Well, I like it very much. I've been getting very used to playing with brilliant pianists like Brad and Florian Weber, the German pianists, Dan Tepfer, an American player who's very tuned in. It makes that part of playing where you can really improvise and play counterpoint to each other and all of those very compelling things fun. I almost got feeling like I've lost my orchestra here just playing with the drums and bass.
Do you feel that it frees you up a little more playing with the trio?
It definitely can happen, but that depends on all of the subtleties of the sound I'll be playing acoustically. Sometimes that doesn't work. So each situation is special. You have to bring a previous experience to the new one, et cetera.
I spoke with Joe Lovano a few months ago, and he was talking about how there's free jazz, but what he does is play jazz free. He was talking about playing free, like being liberated when he was playing. What do you think it takes to play jazz free?
Just an opportunity for everyone to relax enough to hear what they're listening to or something like that. Sometimes it's just hard to focus the attention or apply the attention to all the rhythm instruments individually, so you take it collectively and hope for the best. If you have the opportunity, which I haven't really had very much in my lifetime, to play with the same guys extensively, you can learn all those things a little better. But I think playing the basic "Body and Soul" and things like that, you have a better chance to get started to get into something.
Last night, I went to Dizzy's Club to Billy Hart's quartet -- Ethan Iverson, Ben Street and Mark Turner. They were playing new tunes that Billy and Ethan had written and they seemed to be pretty relaxed in doing it. It was a pleasure to come in and hear Billy, who has been a wailer all through the years but kind of going along with his age now, as I obliged to do, and not push too much and that kind of stuff. And that's a pleasure to listen to. Pushing can get exciting for a minute, but after it starts to feel pushy, the excitement gets lost in some other happenings, you know?
From what I gather, you and Lennie Tristano recorded some of the first free jazz tunes on Intuition, right?
Yeah. I've always enjoyed listening to that. It was something that was so spontaneous that sounded like a piece of music, each one a little different than the other. We finally decided along the way to just swing more and not play so classically, I guess you could call it.
You've referred to Tristano as a musician/philosopher. I was wondering what you learned from him about the philosophy of music.
Basically, I feel that he was a great example... to actually being able to play with him and be part of his group and seeing how it was possible to have some basic material that was familiar enough in the standard repertoire to kind of get into it spontaneously as we could each time. I thought some magic things happened in that situation.
I also heard that he kind of steered you away from following the Charlie Parker route.
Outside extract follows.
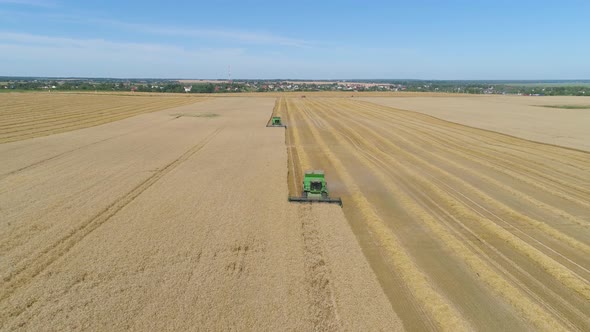 Combine Harvester on Wheat Field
He warned me that is was going to be dangerous because I learned my Charlie Parker solos and enjoyed playing them very much. When I came out to play, I didn't feel like I had to play that music. I just had the inspiration from doing that. So I avoided the trap that was inevitable for anyone who wanted to study that music, which was brilliant.
I read that in the early '60s you retired from music and I was curious what happened there and why you decided to come back and play again.
Well, I didn't really retire. I was just obliged to go to California for a while to get away for a while from my New York influences and try to re-evaluate things for myself and my wife at that time. And I did some day jobs in place of music jobs that didn't come pouring in. You know, that was it, and then I went back to New York and played a gig with Lennie at his request and then stayed there and got back into that.